Faegre & Benson Unveils International Business Trends Report

A survey by international law firm Faegre & Benson LLP suggests many leading U.S. multinational companies are focused on overseas investment and expansion as a means of driving growth. More than half of survey respondents view China as the most promising country in which to grow sales and add production capacity over the next three years.

Drawing on information provided by nearly 400 C-level executives and general counsel, Faegre & Benson compiled the International Business Trends 2010 report.
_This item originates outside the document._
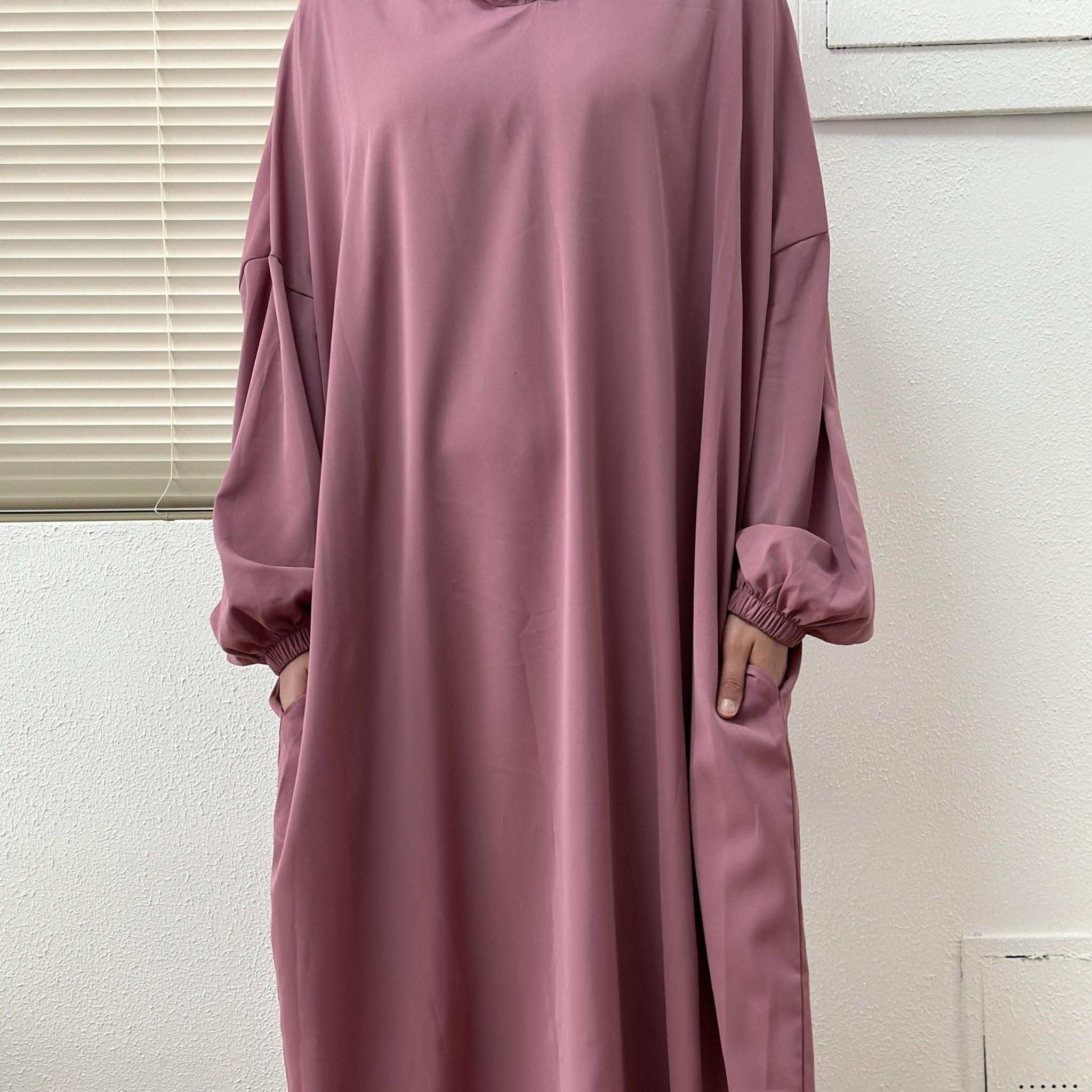 Hijab Attached Hooded Abaya With Pockets (MA0011)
The report looks at a variety of trends, including markets in which these companies have operations or plan to establish operations, recent transaction activity and outlook, challenges to doing business across borders, and international revenue expectations.
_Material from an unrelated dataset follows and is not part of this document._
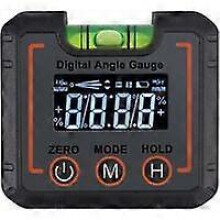 (As show, One size) Professional LCD Digital Inclinometer, with High Accuracy Horizontal Bubbles, with 2 Batteries -Versailles(degrees / % / mm/m / IN/FT)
Survey respondents represent global companies such as Target, 3M, General Mills, EcoLab, Best Buy, Boston Scientific, International Dairy Queen, and Cargill, as well as smaller public and private enterprises.
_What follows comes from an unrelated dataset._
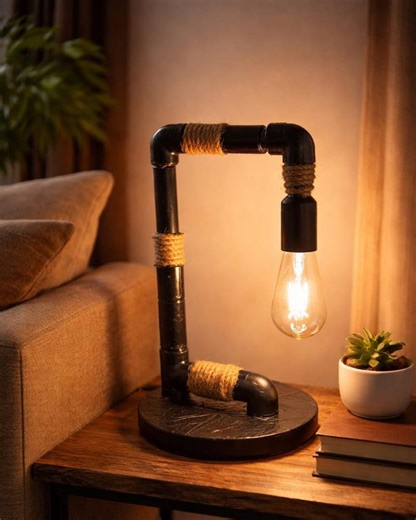 Edison Bulb Industrial Lamp | Handmade Jute Rope Loft Decor - Etsy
Other notable findings in the report include:

  • More than 70 percent of survey respondents consider international investment and expansion to be a "primary" or "significant" focus of their company's long-term growth strategy.
  • Nearly half (46 percent) of companies participating in the survey derive 25 percent or more of their revenue from outside the U.S.
  • Fifty two percent of respondents expect to grow non-U.S. revenue by 10 percent to 30 percent over the next three years, and 22 percent of respondents expect to grow non-U.S. revenue by more than 30 percent.
  • Among respondents from large companies (revenues of more than $1 billion per year), 54 percent anticipate completing four or more acquisitions outside the U.S. over the next three years.
  • A majority of respondents are looking at joint ventures with non-U.S. companies as a means of expansion—with 53  percent of companies anticipating one to three such transactions, and 16 percent of companies anticipating four or more—over the next three years.
  • More than half (54 percent) of respondents indicate that "difficulty finding suitable targets" is their company's most significant challenge in completing international acquisitions.
  • Fifty nine percent of respondents plan to expand manufacturing capacity outside of the U.S. over the next three years. Reasons include facilitating sales in a key international market (56 percent), lowering the cost of production (23 percent), establishing technical expertise in the region (11 percent), or to accommodating a customer who requires local production (10 percent).